**DATA SHOWN**
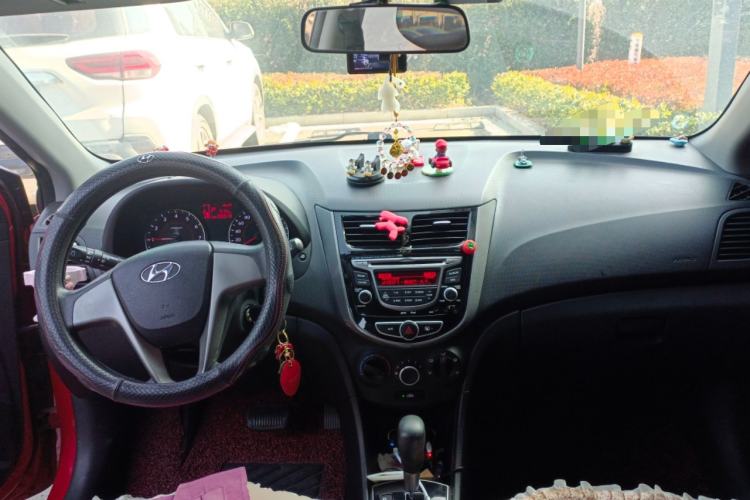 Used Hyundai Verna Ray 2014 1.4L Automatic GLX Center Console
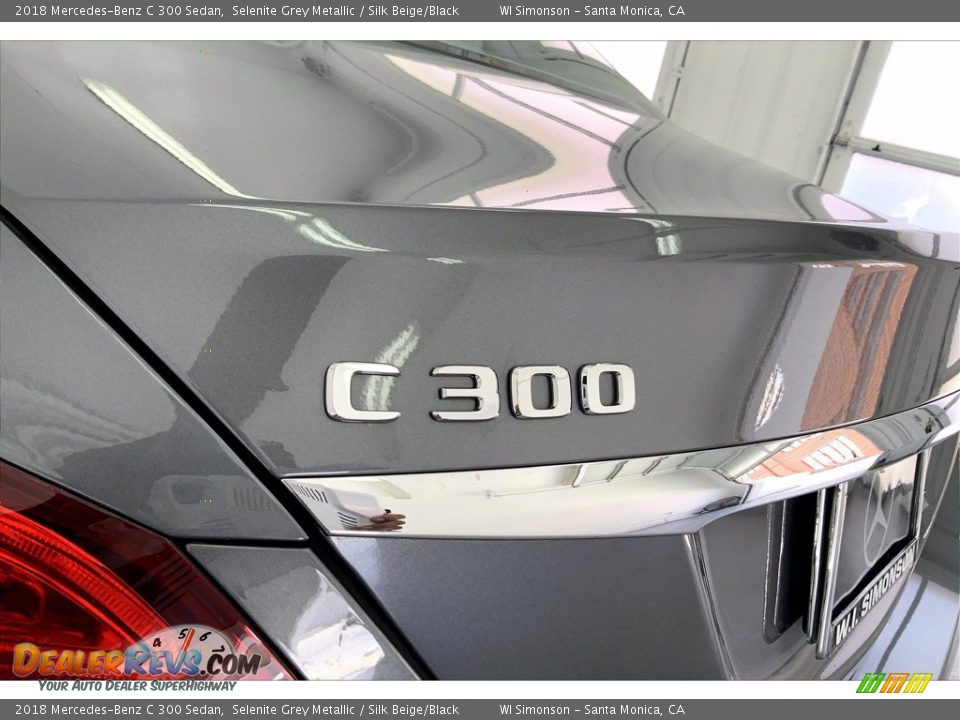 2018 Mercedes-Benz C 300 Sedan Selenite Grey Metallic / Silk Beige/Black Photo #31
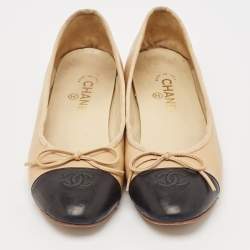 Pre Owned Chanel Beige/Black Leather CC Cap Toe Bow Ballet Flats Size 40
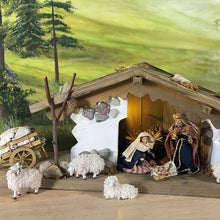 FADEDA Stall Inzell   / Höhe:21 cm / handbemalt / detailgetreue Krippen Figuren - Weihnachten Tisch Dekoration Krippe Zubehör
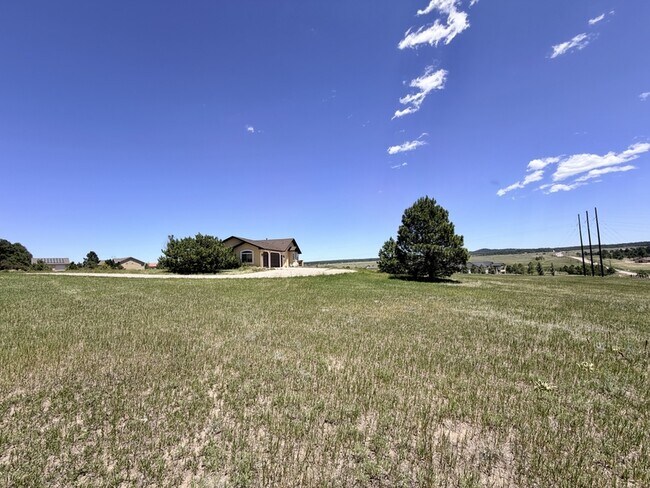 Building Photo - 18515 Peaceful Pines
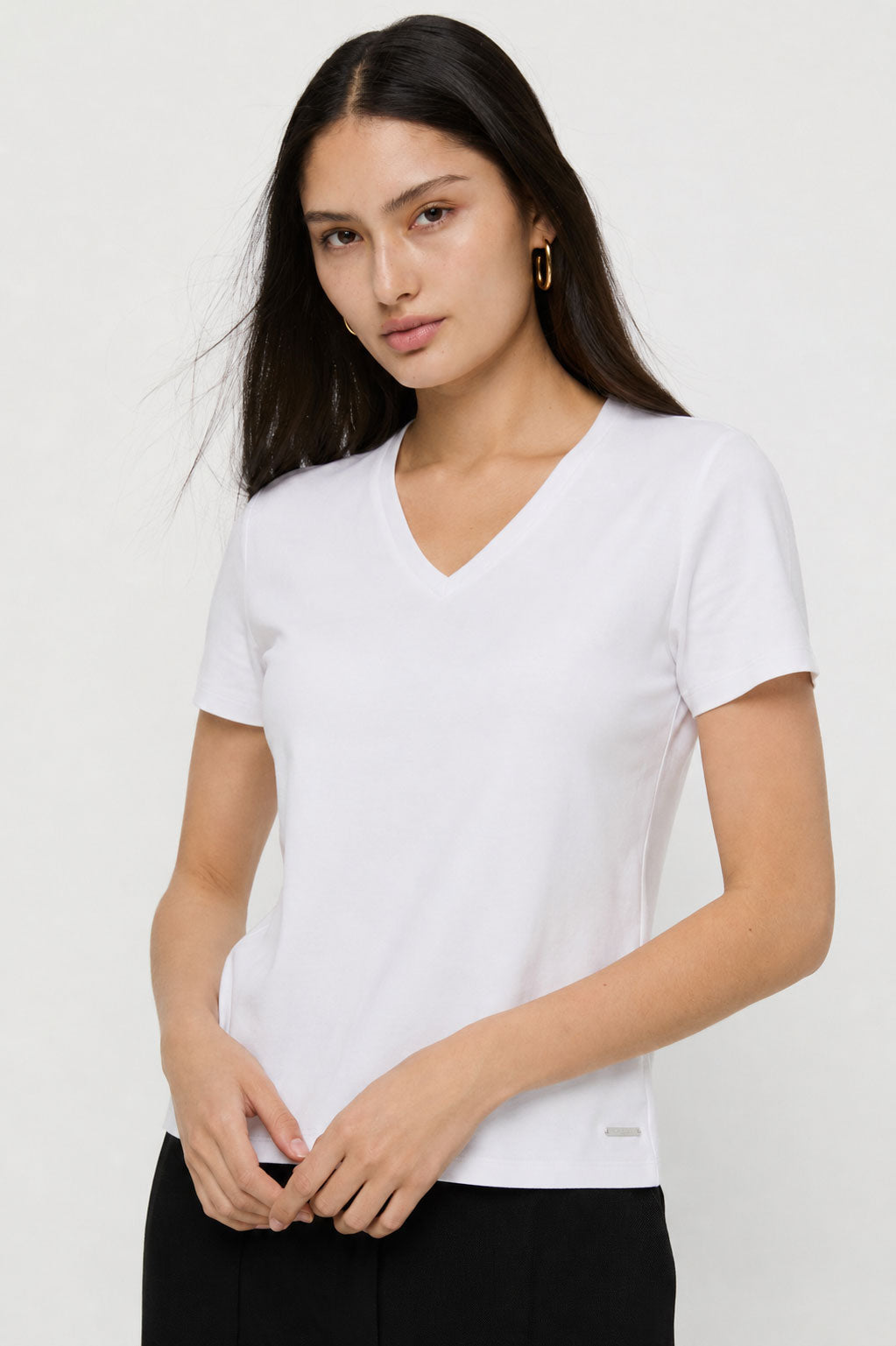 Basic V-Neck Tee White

**TASK INSTRUCTIONS**
Begin at the top of the records above and retype each line exactly until the line containing "Building Photo - 18515 Peaceful Pines", which is included. Skip all pictures.

**ANSWER BOX**
 Used Hyundai Verna Ray 2014 1.4L Automatic GLX Center Console
 2018 Mercedes-Benz C 300 Sedan Selenite Grey Metallic / Silk Beige/Black Photo #31
 Pre Owned Chanel Beige/Black Leather CC Cap Toe Bow Ballet Flats Size 40
 FADEDA Stall Inzell   / Höhe:21 cm / handbemalt / detailgetreue Krippen Figuren - Weihnachten Tisch Dekoration Krippe Zubehör
 Building Photo - 18515 Peaceful Pines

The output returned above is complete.